Interactive · KV-Cache: Prefill vs. Decode Phases

┌───────────────────────────────────────────────────────────────┐
│              KV-Cache: Prefill vs. Decode                     │
│                                                               │
│  PREFILL PHASE (process prompt "The cat sat"):                │
│  ┌─────────────────────────────────────────┐                  │
│  │ tokens: [The] [cat] [sat]               │                  │
│  │    Q:    q₁    q₂    q₃    (all at once)│                  │
│  │    K:    k₁    k₂    k₃    ──▶ CACHE    │                  │
│  │    V:    v₁    v₂    v₃    ──▶ CACHE    │                  │
│  └─────────────────────────────────────────┘                  │
│                                                               │
│  DECODE STEP 1 (generate "on"):                               │
│  ┌─────────────────────────────────────────┐                  │
│  │ New token: [on]                         │                  │
│  │    Q:    q₄  (only 1 token!)            │                  │
│  │    K:    k₄  ──▶ append to cache        │                  │
│  │    V:    v₄  ──▶ append to cache        │                  │
│  │                                         │                  │
│  │ Cache now: K=[k₁,k₂,k₃,k₄]            │                  │
│  │            V=[v₁,v₂,v₃,v₄]            │                  │
│  │                                         │                  │
│  │ Attention: q₄ @ [k₁,k₂,k₃,k₄]^T      │                  │
│  └─────────────────────────────────────────┘                  │
│                                                               │
│  DECODE STEP 2 (generate "the"):                              │
│  ┌─────────────────────────────────────────┐                  │
│  │ New token: [the]                        │                  │
│  │    Q:    q₅  (only 1 token!)            │                  │
│  │    K:    k₅  ──▶ append to cache        │                  │
│  │    V:    v₅  ──▶ append to cache        │                  │
│  │                                         │                  │
│  │ Cache: K=[k₁,k₂,k₃,k₄,k₅]            │                  │
│  │        V=[v₁,v₂,v₃,v₄,v₅]            │                  │
│  └─────────────────────────────────────────┘                  │
│                                                               │
│  Without cache: step t recomputes ALL t projections  O(t*d)   │
│  With cache:    step t computes only 1 projection    O(d)     │
└───────────────────────────────────────────────────────────────┘

Interview Tip

When discussing KV-cache in interviews, be prepared to compute the memory footprint. For LLaMA-2 70B: 80 layers, 64 heads per layer (8 KV heads with GQA), d_k=128, and 4K context. KV-cache size = 2 (K and V) * 80 (layers) * 8 (KV heads) * 128 (d_k) * 4096 (seq) * 2 bytes (fp16) = ~1.3 GB per sequence. This is why batch serving is memory-bound, and techniques like paged attention (vLLM) are critical.

Hints

Info

Add a cache attribute to store past K and V tensors: a tuple (cached_K, cached_V).
During prefill (first pass): compute Q, K, V for all positions, store K and V in cache.
During generation (subsequent passes): compute Q, K, V for only the new token, concatenate K and V with the cache, then compute attention.
The attention mask is not needed during cached generation because we naturally only see past tokens.
Reset the cache between sequences.

Solution

import torch
import torch.nn as nn
import torch.nn.functional as F
import math
from typing import Optional, Tuple, List


class CachedMultiHeadAttention(nn.Module):
    """Multi-head attention with KV-cache support."""
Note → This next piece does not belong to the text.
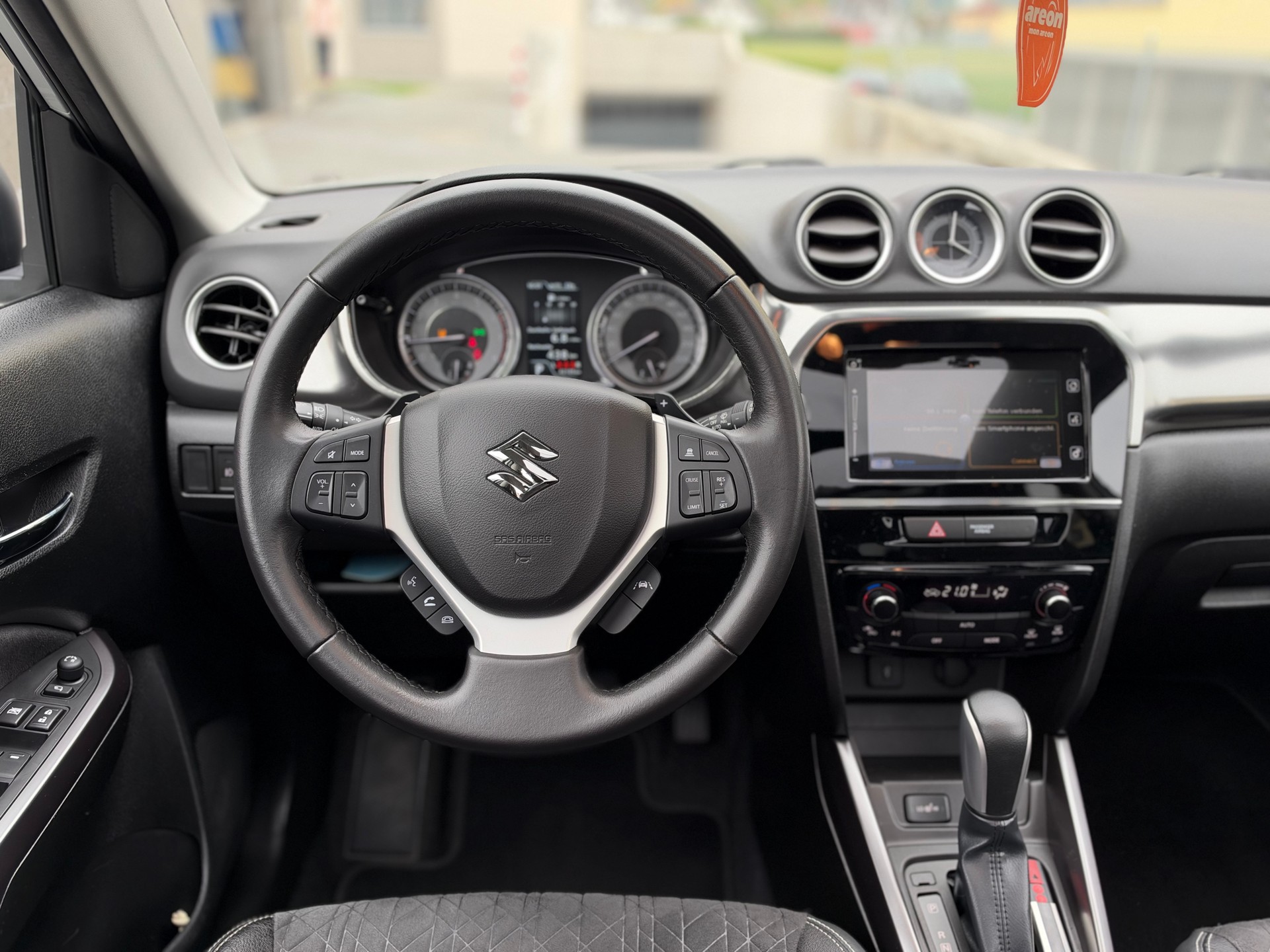 SUZUKI Vitara 1.4 Boosterjet Compact Top Automatic-image-11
    def __init__(self, d_model: int, num_heads: int) -> None:
        super().__init__()
        self.num_heads = num_heads
        self.d_k = d_model // num_heads
        self.W_q = nn.Linear(d_model, d_model, bias=False)
        self.W_k = nn.Linear(d_model, d_model, bias=False)
        self.W_v = nn.Linear(d_model, d_model, bias=False)
        self.W_o = nn.Linear(d_model, d_model, bias=False)
        self.cache_k: Optional[torch.Tensor] = None
        self.cache_v: Optional[torch.Tensor] = None

    def reset_cache(self) -> None:
        self.cache_k = None
        self.cache_v = None

    def forward(self, x: torch.Tensor, use_cache: bool = False) -> torch.Tensor:
        B, T, C = x.shape
        H, d_k = self.num_heads, self.d_k

        Q = self.W_q(x).view(B, T, H, d_k).transpose(1, 2)  # (B, H, T, d_k)
        K = self.W_k(x).view(B, T, H, d_k).transpose(1, 2)
        V = self.W_v(x).view(B, T, H, d_k).transpose(1, 2)

        if use_cache:
            if self.cache_k is not None:
                # Append new K, V to existing cache
                K = torch.cat([self.cache_k, K], dim=2)  # (B, H, T_cached+T, d_k)
                V = torch.cat([self.cache_v, V], dim=2)
            # Update cache
            self.cache_k = K.detach()
            self.cache_v = V.detach()

        # Attention: Q attends to all K (including cached)
        scores = (Q @ K.transpose(-2, -1)) / math.sqrt(d_k)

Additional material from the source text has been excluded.